Task brief — Only the lines from the one bearing "天使と小包 – ドイツ・ザイフェンの木のおもちゃ seiffen" through the end of the listing belong in your response, restated word for word and without pictures.
========================================
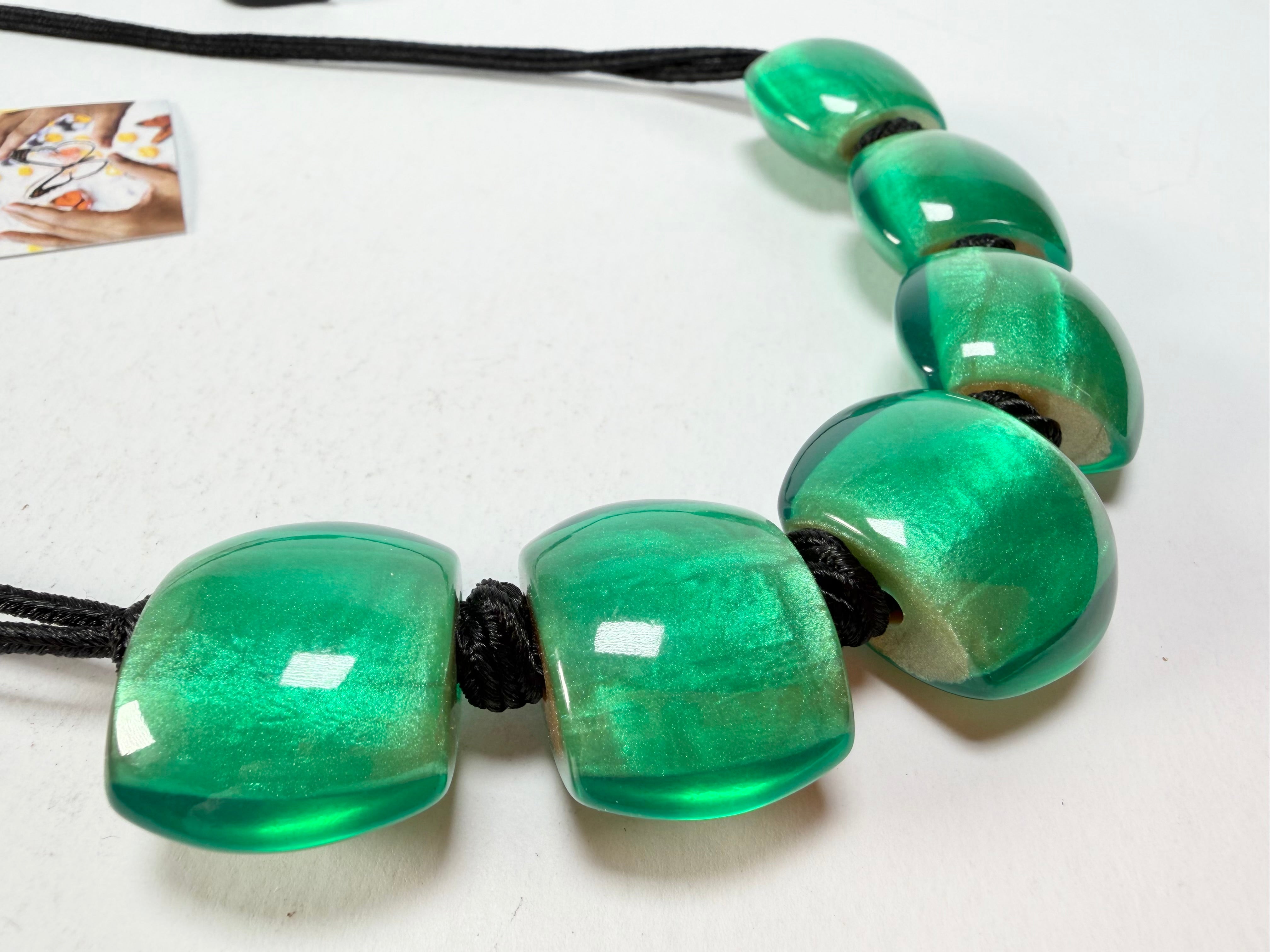 Zsiska - Bellissima 6 Bead Galaxy Green Resin Necklace ( 7240106GGREQ06  )
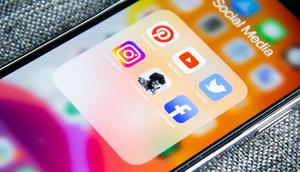 Ilustrasi media sosial. (Photo by Adem AY on Unsplash)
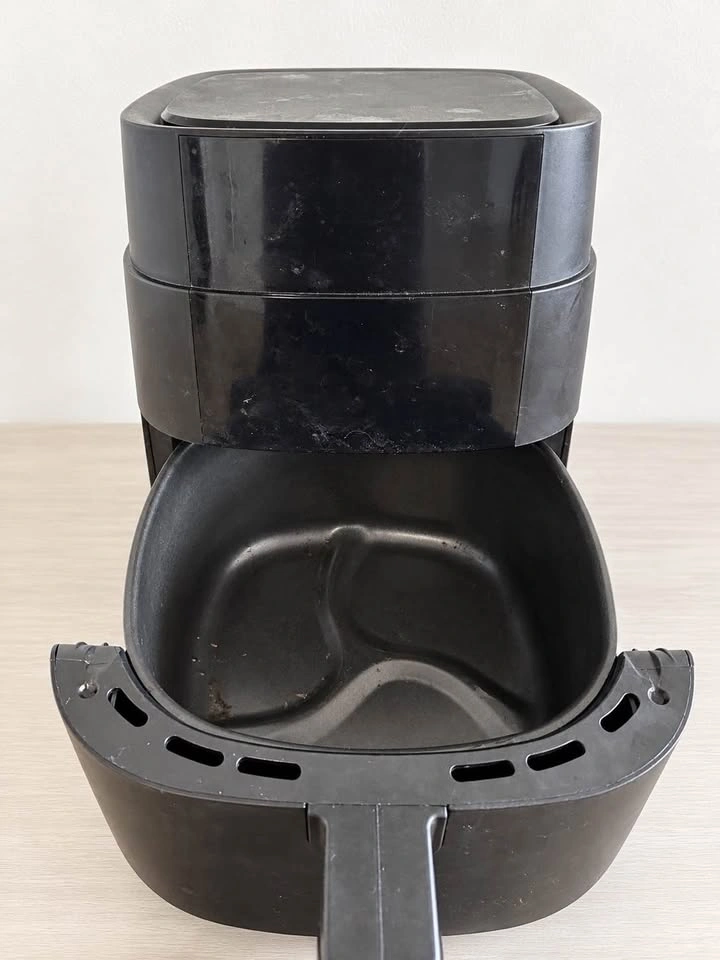 4.5L Air Fryer - Good Working Condition - photo 3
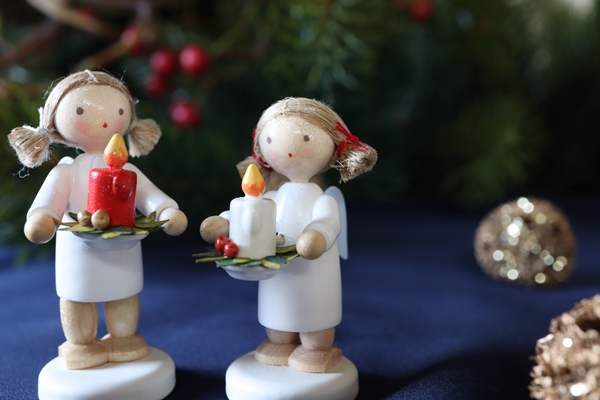 天使と小包 – ドイツ・ザイフェンの木のおもちゃ seiffen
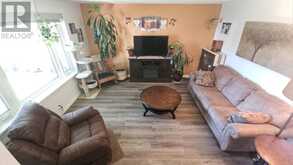 1820 Hamilton AVE | Thunder Bay Ontario | Slide Image Two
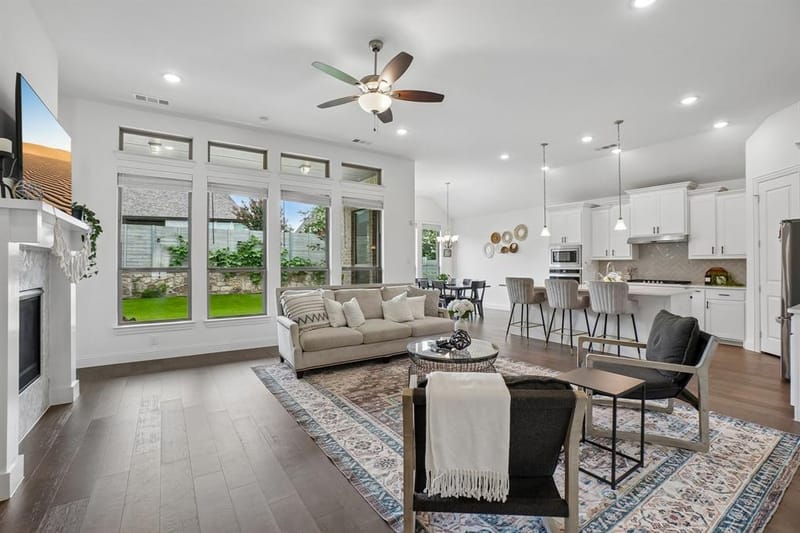 1816 LONGSPUR Drive, Argyle TX 76226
========================================
Written response —
 天使と小包 – ドイツ・ザイフェンの木のおもちゃ seiffen
 1820 Hamilton AVE | Thunder Bay Ontario | Slide Image Two
 1816 LONGSPUR Drive, Argyle TX 76226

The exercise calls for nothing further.